#### [Task objective]
Images are to be excluded from the copy, and the records below reproduced word for word.

══ Material supplied

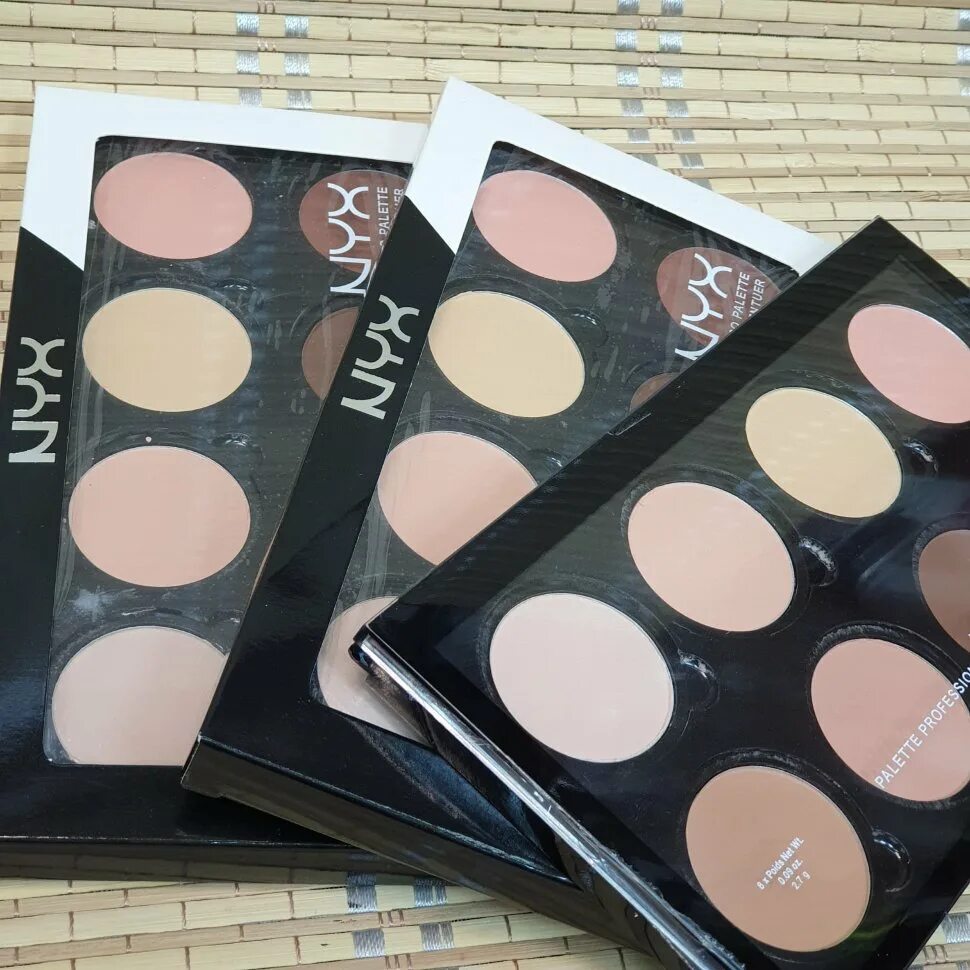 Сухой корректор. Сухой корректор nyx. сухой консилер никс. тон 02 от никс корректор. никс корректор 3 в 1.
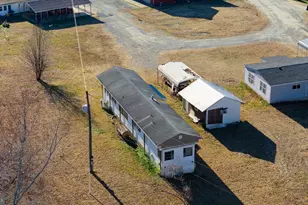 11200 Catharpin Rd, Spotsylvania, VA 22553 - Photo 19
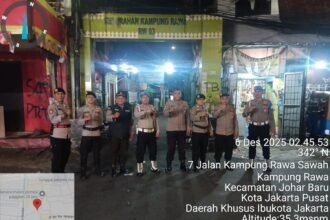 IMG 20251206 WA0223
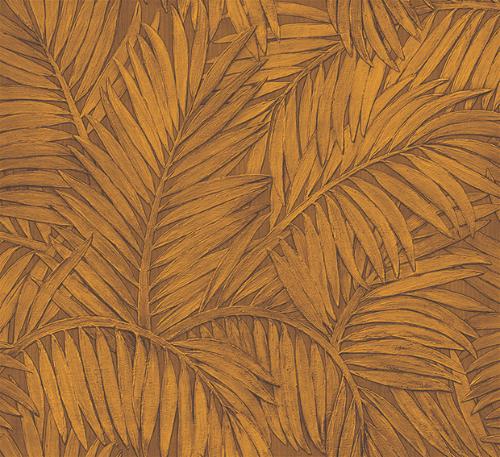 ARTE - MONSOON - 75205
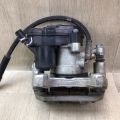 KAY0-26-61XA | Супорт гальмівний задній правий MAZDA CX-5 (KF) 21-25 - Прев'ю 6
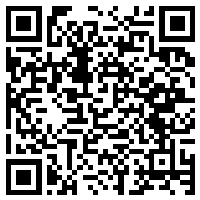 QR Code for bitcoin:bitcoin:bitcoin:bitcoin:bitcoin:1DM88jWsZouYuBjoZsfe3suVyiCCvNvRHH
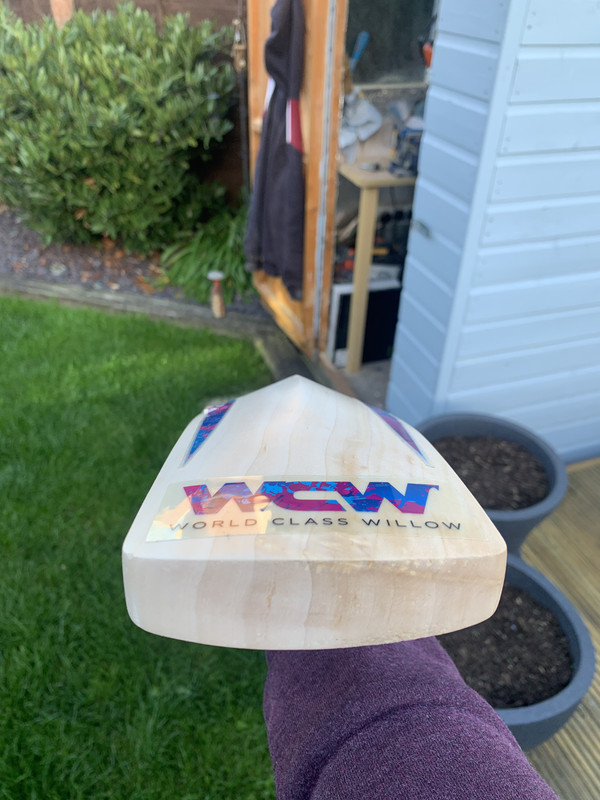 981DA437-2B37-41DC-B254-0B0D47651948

════

#### [Your response]
 Сухой корректор. Сухой корректор nyx. сухой консилер никс. тон 02 от никс корректор. никс корректор 3 в 1.
 11200 Catharpin Rd, Spotsylvania, VA 22553 - Photo 19
 IMG 20251206 WA0223
 ARTE - MONSOON - 75205
 KAY0-26-61XA | Супорт гальмівний задній правий MAZDA CX-5 (KF) 21-25 - Прев'ю 6
 QR Code for bitcoin:bitcoin:bitcoin:bitcoin:bitcoin:1DM88jWsZouYuBjoZsfe3suVyiCCvNvRHH
 981DA437-2B37-41DC-B254-0B0D47651948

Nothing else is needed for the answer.